As stated, there is no unique solution.

i've been trying to calculate the perimeter of a parallelogram
by only knowing the length of the diagonals (which are 7 and 9 units).
Code:
            S                 R
* - - - - - - - - *
/  *           *  /
/     * O   *     /
/        *        / b
/  4½ *  θ  * 3½  /
/  *           *  /
* - - - - - - - - *
P        a        Q

We have parallelogram $\displaystyle PQRS$ with diagonals $\displaystyle PR = 9,\:QS = 7$
. . intersecting at $\displaystyle O\!:\;\;OP = 4.5,\:OQ = 3.5,\;\angle POQ = \theta$

Law of Cosines: .$\displaystyle a^2 \;=\;4.5^2 + 3.5^2 - 2(4.5)(3.5)\cos\theta$

. . Hence: .$\displaystyle a \;=\;\sqrt{32.5 - 31.5\cos\theta}$

It can be shown that: .$\displaystyle b \;=\;\sqrt{32.5 + 31.5\cos\theta}$

Hence, the perimeter, $\displaystyle 2a + 2b$, is a function of $\displaystyle \theta$, not a constant.

3. Originally Posted by ViresArcanum
hey guys,

i've been trying to calculate the circumference of a parallelogram by only knowing the length of the diagonals (which are 7 and 9 units).

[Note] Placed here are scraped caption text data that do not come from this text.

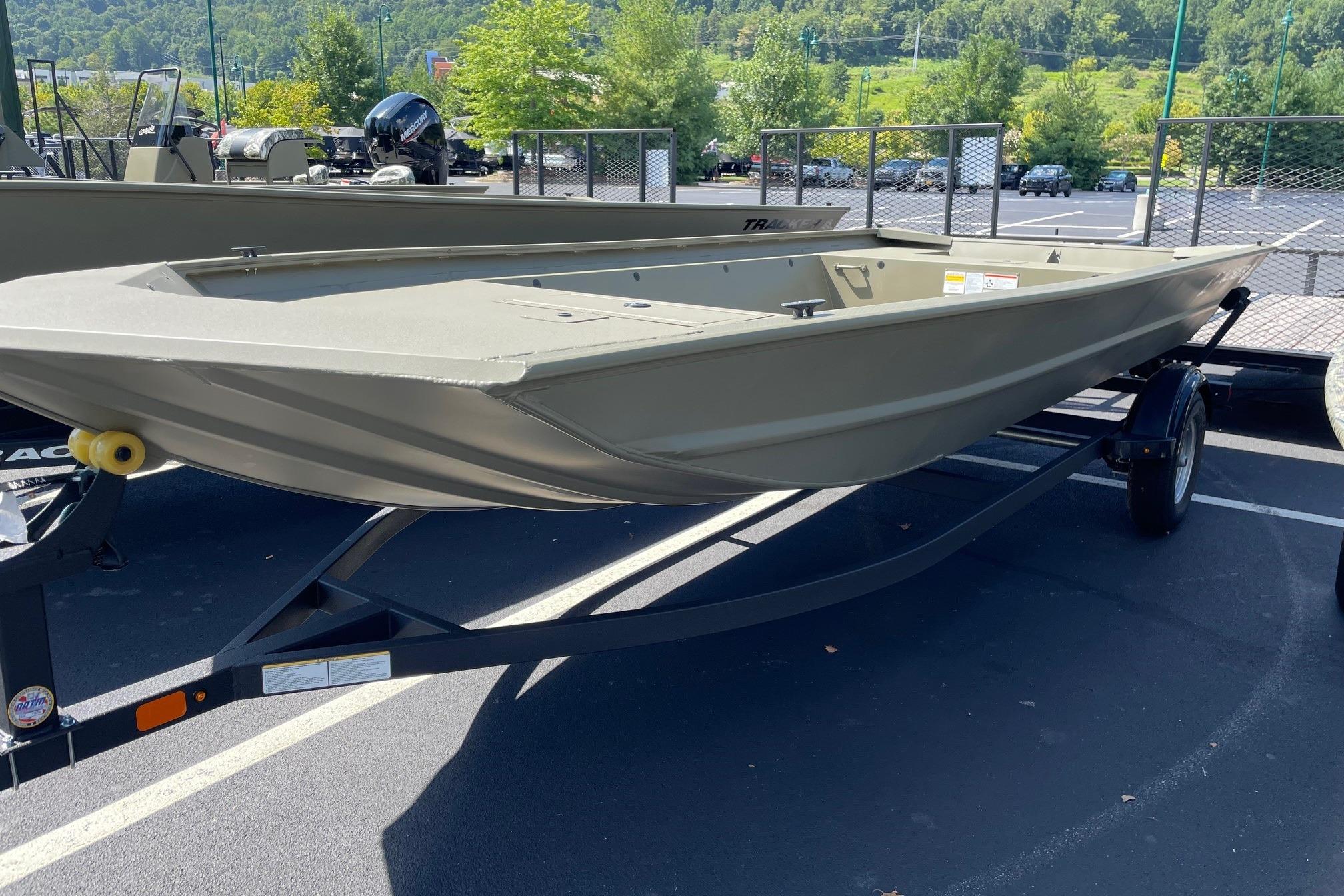 2026 Tracker GRIZZLY 1860 Utility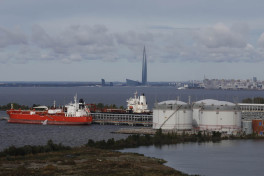 МЭА: Мировой рынок захлестнет переизбыток нефти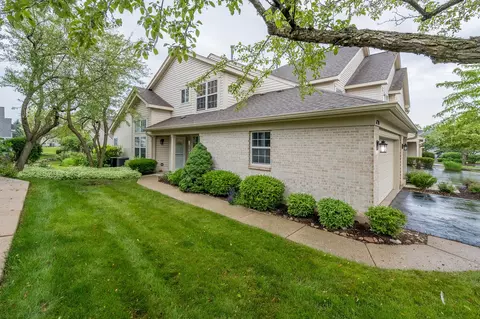 6770 E Monticello Ct #13-B1, Gurnee, IL 60031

i drew many triangles, tried to use pythagoras and some trig stuff, but failed until now...
thanks a lot for your help!
Unfortunately that isn't possible:

The parallelogram consists of 2 congruent triangles or 2 pairs of congruent triangles. To determine one triangle unambiguously you need 3 pieces. Therefore you need the value of one more piece: an angle or the height or the length of one side.

To demonstrate how the circumference can change without changing the initial conditions (length of diagonals are constant) I've made a sketch.

4. Those were both really great posts.